HCR's letter from last night discussed the abortion issue in detail.
Although she had a lot of good points, here's my favorite sentence:
By 1:00 this afternoon, the Fox News Channel had mentioned the decision only in a 20-second news brief in the 5 am hour. In political terms, it seems the dog has caught the car.
Here's a few more key points:
As I’ve said repeatedly, most Americans agree on most issues, even the hot button ones like abortion. A Gallup poll from June examining the issue of abortion concluded that only 32% of Americans wanted the U.S. Supreme Court's 1973 Roe v. Wade decision overturned, while 58% of Americans opposed overturning it.
While it is hard to remember today, the modern-day opposition to abortion had its roots not in a moral defense of life but rather in the need for President Richard Nixon to win votes before the 1972 election.

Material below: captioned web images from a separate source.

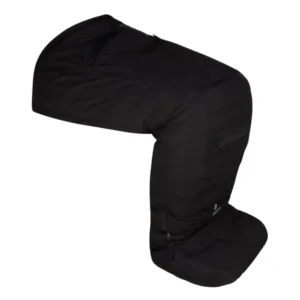 Raindek® ETX | Black and Blue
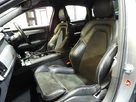 2018-volvo-s90-20td-d5-r-design-awd-small-16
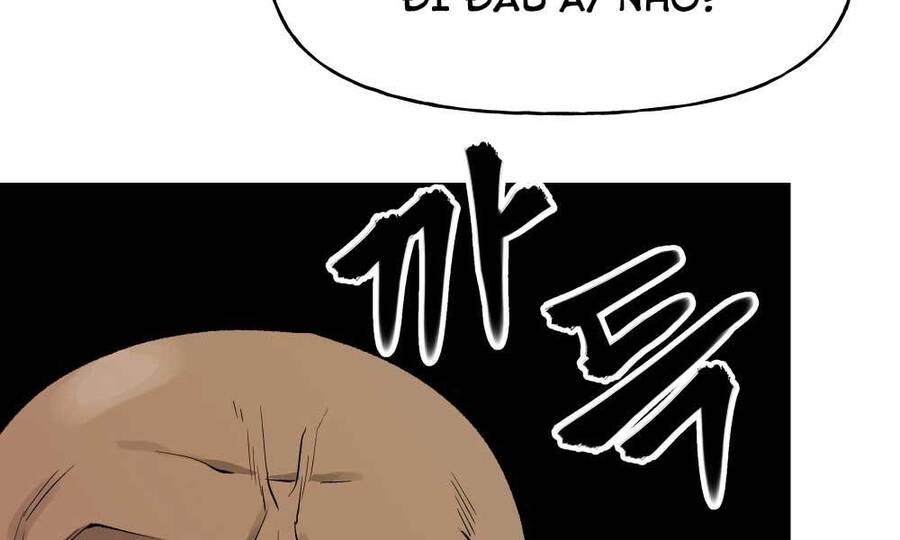 Quản Lý Du Côn chapter 16 - Upload bởi truyensieuhay.com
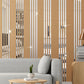 ⏳Limited-time 50% off⏰Self-Adhesive Acrylic Mirror Wall Stickers💛🪞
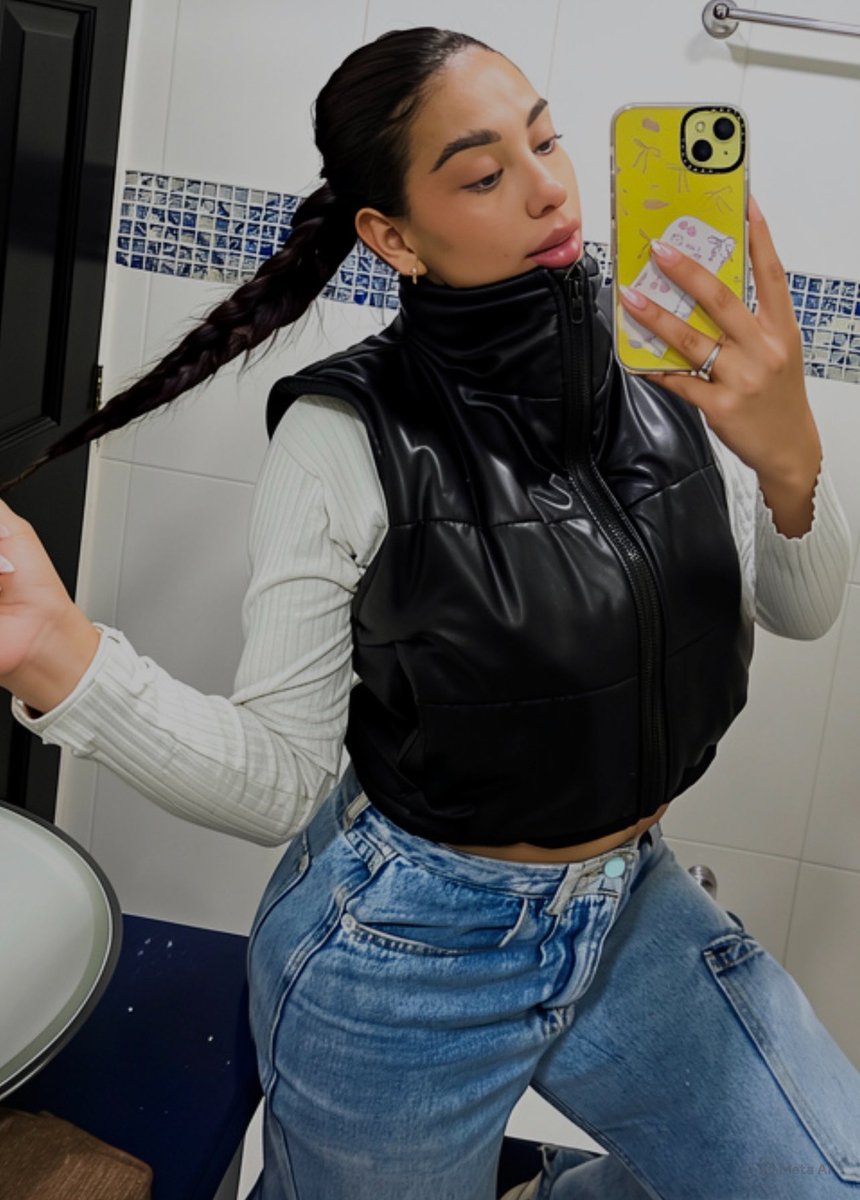 🐣💘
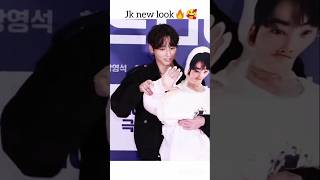 Download lagu bts jungkook live new update ||please don't change #shorts #jknewlook mp3 Download lagu bts jungkook live new update ||please don't change #shorts #jknewlook mp3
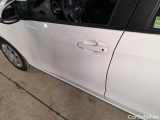  Toyota  Yaris Toyota  1.0 VVT-i 72 KM Active 5d #75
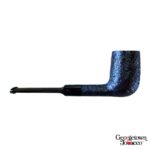 Dunhill Pipe- Shell Briar Chimney 4212 (Group 4) - Image 2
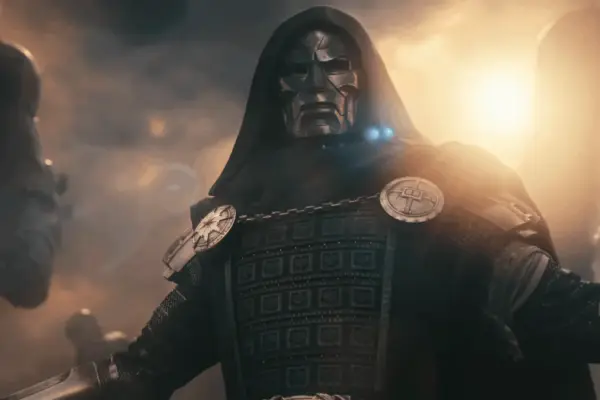 The Gathering Storm: How Avengers: Doomsday is Setting Up Doctor Doom’s Multiversal Abduction Plot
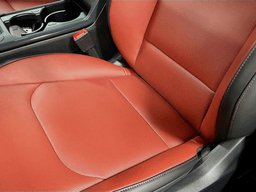 Kia K4 GT-Line Turbo Sedan 2026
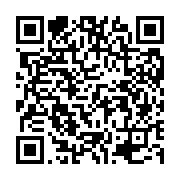 장성풍경 페이지 바로가기 주소(https://business.jangseong.go.kr/q/ezMxMTN8MTU5MzJ8c2hvd3xwYWdlPTI0fQ==&e=M&s=3), QRCODE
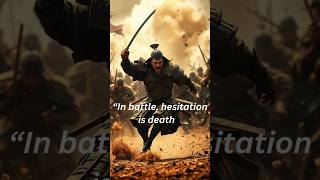 samurai wisdom motivational quotes 49 | warrior motivation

Abortion had been a part of American life since its inception, but states began to criminalize abortion in the 1870s. By 1960, an observer estimated that there were between 200,000 and 1.2 million illegal U.S. abortions a year, endangering women, primarily poor ones who could not afford a workaround.
The first state to legalize abortion was California, when a Republican governor (Reagan) signed it into law.
In 1971, even the evangelical Southern Baptist Convention agreed that abortion should be legal in some cases, and vowed to work for modernization. Their convention that year reiterated its “belief that society has a responsibility to affirm through the laws of the state a high view of the sanctity of human life, including fetal life, in order to protect those who cannot protect themselves” but also called on “Southern Baptists to work for legislation that will allow the possibility of abortion under such conditions as rape, incest, clear evidence of severe fetal deformity, and carefully ascertained evidence of the likelihood of damage to the emotional, mental, and physical health of the mother.”
In 1970, Nixon had directed U.S. military hospitals to perform abortions regardless of state law; in 1971, using Catholic language, he reversed course to split the Democrats, citing his personal belief "in the sanctity of human life—including the life of the yet unborn.”
Traditional Republicans supported an activist government that regulated business and promoted social welfare, but radical right Movement Conservatives wanted to kill the active government. They attacked anyone who supported such a government as immoral. Abortion turned women's rights into murder.
By 1988, Rush Limbaugh, the voice of Movement Conservatism, who was virulently opposed to taxation and active government, demonized women's rights advocates as "Femi-nazis" for whom "the most important thing in life is ensuring that as many abortions as possible occur." The complicated issue of abortion had become a proxy for a way to denigrate the political opponents of the radicalizing Republican Party.
In 2012, Sandra Fluke testified before Congress , and asked them to mandate coverage for birth control
Limbaugh called her a slut and a prostitute.
The fact that the Fox News Channel is not mentioning what should have been a landmark triumph of its viewers’ ideology suggests Republicans know that ending safe and legal abortion is deeply unpopular. Their base finally, after all these years, got what it wanted. But now the rest of the nation, which had been assured as recently as the confirmation hearings for Supreme Court Justice Brett Kavanaugh that Roe v. Wade was settled law that would not be overturned, gets a chance to weigh in.
The Arizona Daily Star this morning that many members of the GOP are not happy about the Texas law, since it demonizes them in the eyes of the voting public.
Planned Parenthood and other organizations are using a variety of methods to reverse the law. Ultimately, their efforts could result in codifying the right to an abortion into Federal law. It's likely that the House will draw up a law in the near future, where it will pass. It will be a tougher sell in the Senate, but it could eventually pass there too, especially if GOP senators are reminded that MOST of their constituents support Roe V, Wade.
Abortion opponents have won the battle, but they are going to lost the war.